---- Records for the task

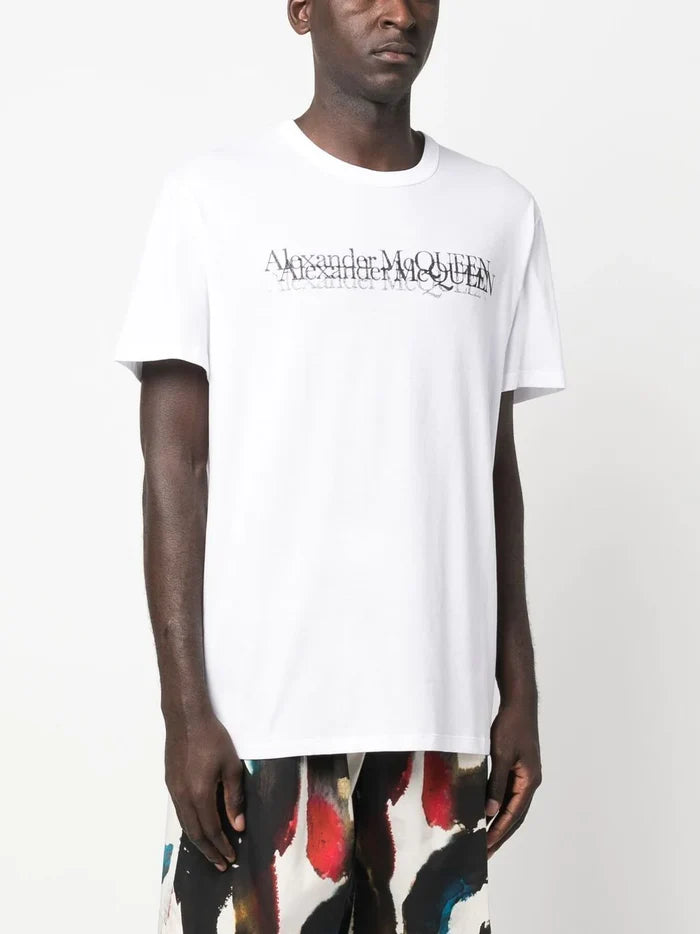 ALEXANDER MCQUEEN Logo Stamp T-shirt White - MAISONDEFASHION.COM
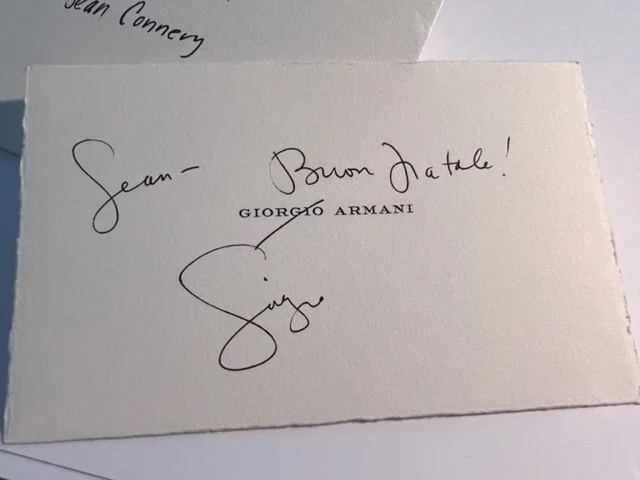 GIORGIO ARMANI X SEAN CONNERY 007 JAMES BOND PERSONAL CHRISTMAS GREETINGS CARD, image 2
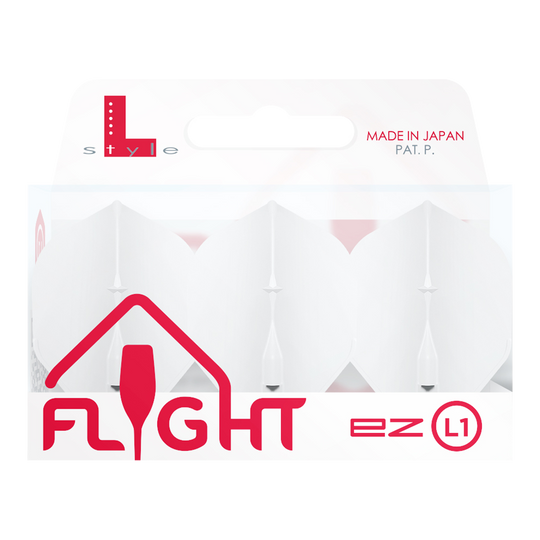 Vuelos estándar L-Style Champagne L1EZ Die Abbildung zeigt eine Packung der "L-Style Champagne L1EZ Standard Flights". Die Flights sind weiß und werden in Japan hergestellt.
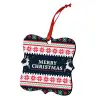 Christmas ornament polygon wooden 7.5cm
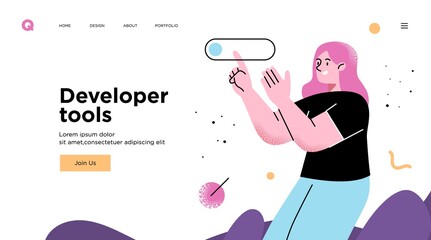 Presentation slide template or landing page website design. Business concept illustrations. Modern flat outline style. Software development tools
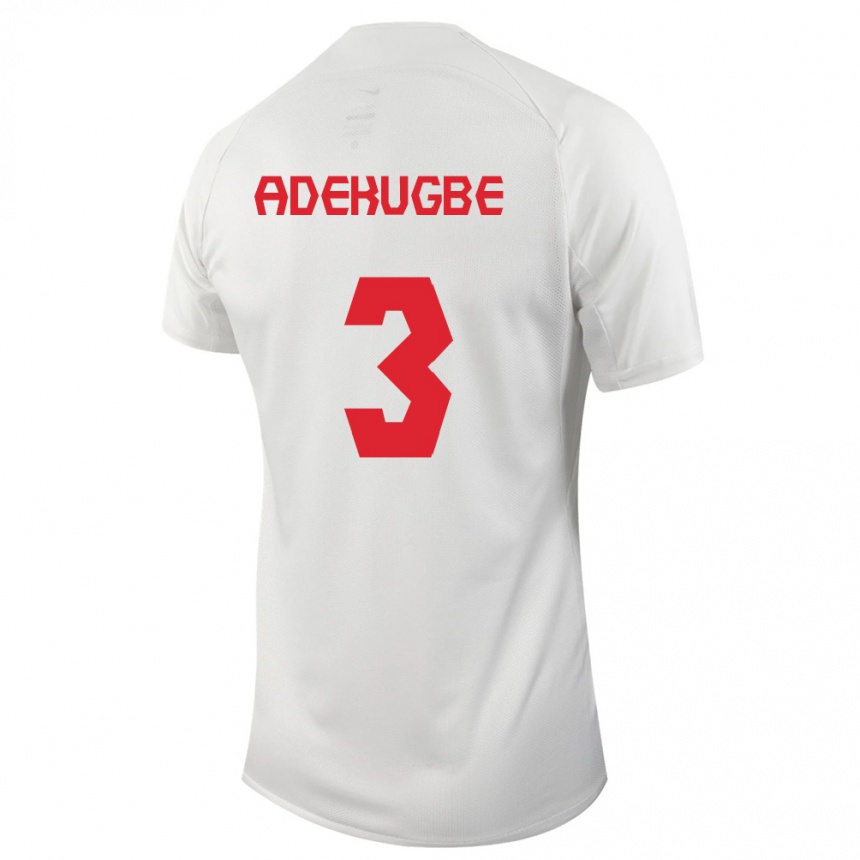 Herren Fußball Kanadische Samuel Adekugbe #3 Weiß Auswärtstrikot Trikot 24-26 T-Shirt Luxemburg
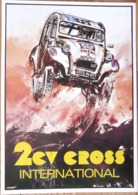 AFFICHE CITROEN 2 CV CROSS INTERNATIONAL - Coches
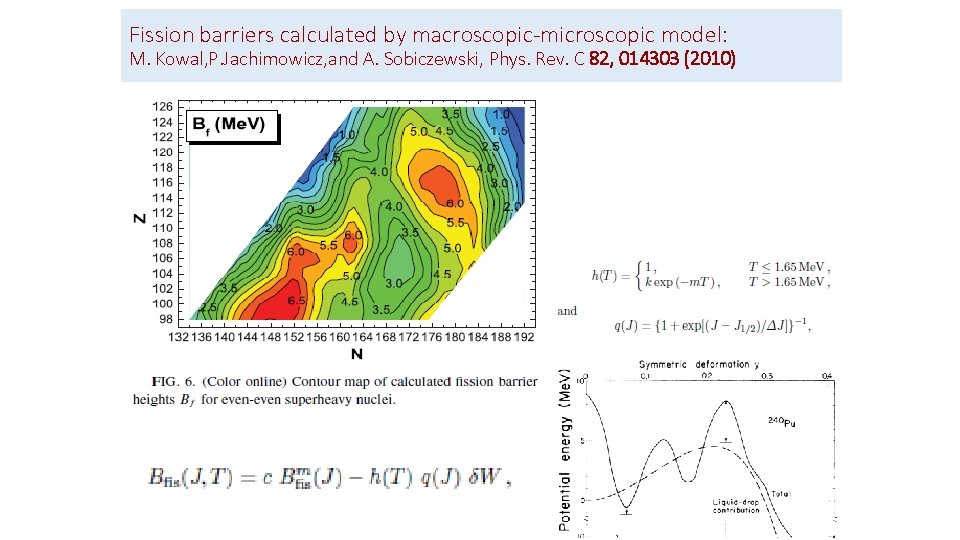 Fission barriers calculated by macroscopic-microscopic model: M. Kowal, P. Jachimowicz, and A. Sobiczewski, Phys.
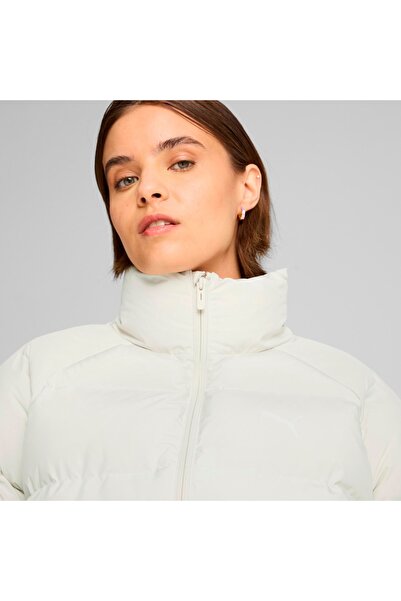 Puma Palton alb pentru femei Mono cu guler stand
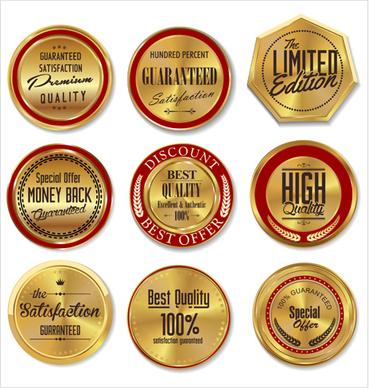 golden luxury badge vector set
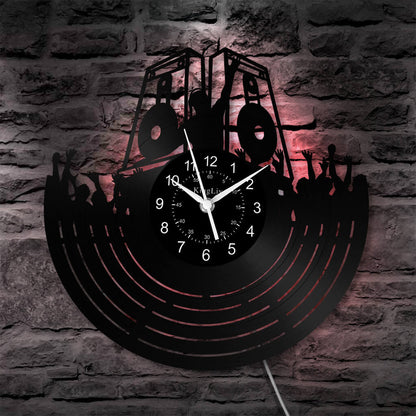 LED Vinyl Wall Clock | Custom DJ Name | 12''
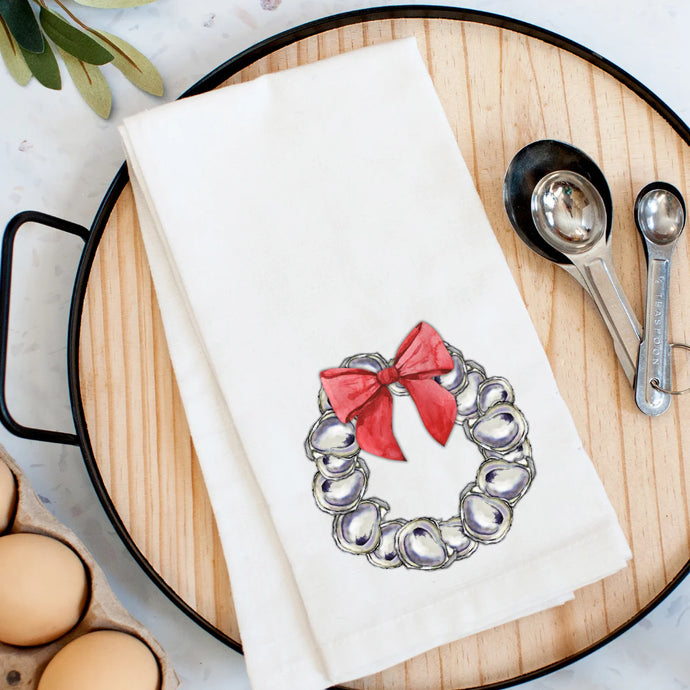 Oyster Wreath Kitchen Towel
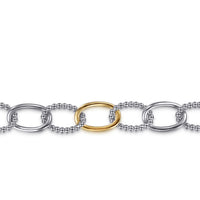 Gabriel & Co. 14K Yellow Gold Sterling Silver Link chain Bracelet Image 1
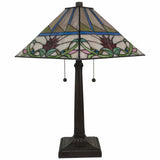 22" Dark Brown Metal Two Light Candlestick Table Lamp With White Empire Shade - Homeroots
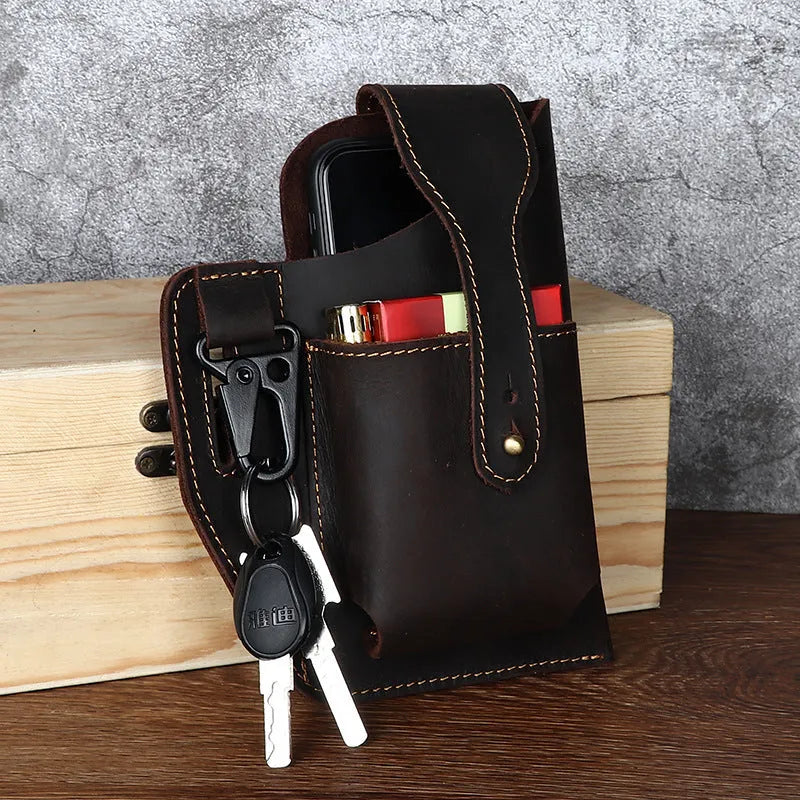 RtopR men's retro leather phone hanging belt bag in black with car suture detail and cover opening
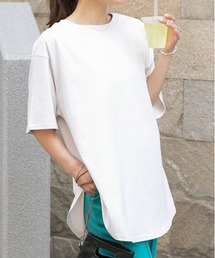 裾ラウンド ロングチュニック 半袖Tシャツ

--------

* _What this task involves_
Return exactly the part of the listing above that opens with the line containing "GIORGIO ARMANI X" and closes with the line containing "Shade - Homeroots". Pictures stay out.

* _Written answer_
 GIORGIO ARMANI X SEAN CONNERY 007 JAMES BOND PERSONAL CHRISTMAS GREETINGS CARD, image 2
 Vuelos estándar L-Style Champagne L1EZ Die Abbildung zeigt eine Packung der "L-Style Champagne L1EZ Standard Flights". Die Flights sind weiß und werden in Japan hergestellt.
 Christmas ornament polygon wooden 7.5cm
 Presentation slide template or landing page website design. Business concept illustrations. Modern flat outline style. Software development tools
 Herren Fußball Kanadische Samuel Adekugbe #3 Weiß Auswärtstrikot Trikot 24-26 T-Shirt Luxemburg
 AFFICHE CITROEN 2 CV CROSS INTERNATIONAL - Coches
 Fission barriers calculated by macroscopic-microscopic model: M. Kowal, P. Jachimowicz, and A. Sobiczewski, Phys.
 Puma Palton alb pentru femei Mono cu guler stand
 golden luxury badge vector set
 LED Vinyl Wall Clock | Custom DJ Name | 12''
 Oyster Wreath Kitchen Towel
 Gabriel & Co. 14K Yellow Gold Sterling Silver Link chain Bracelet Image 1
 22" Dark Brown Metal Two Light Candlestick Table Lamp With White Empire Shade - Homeroots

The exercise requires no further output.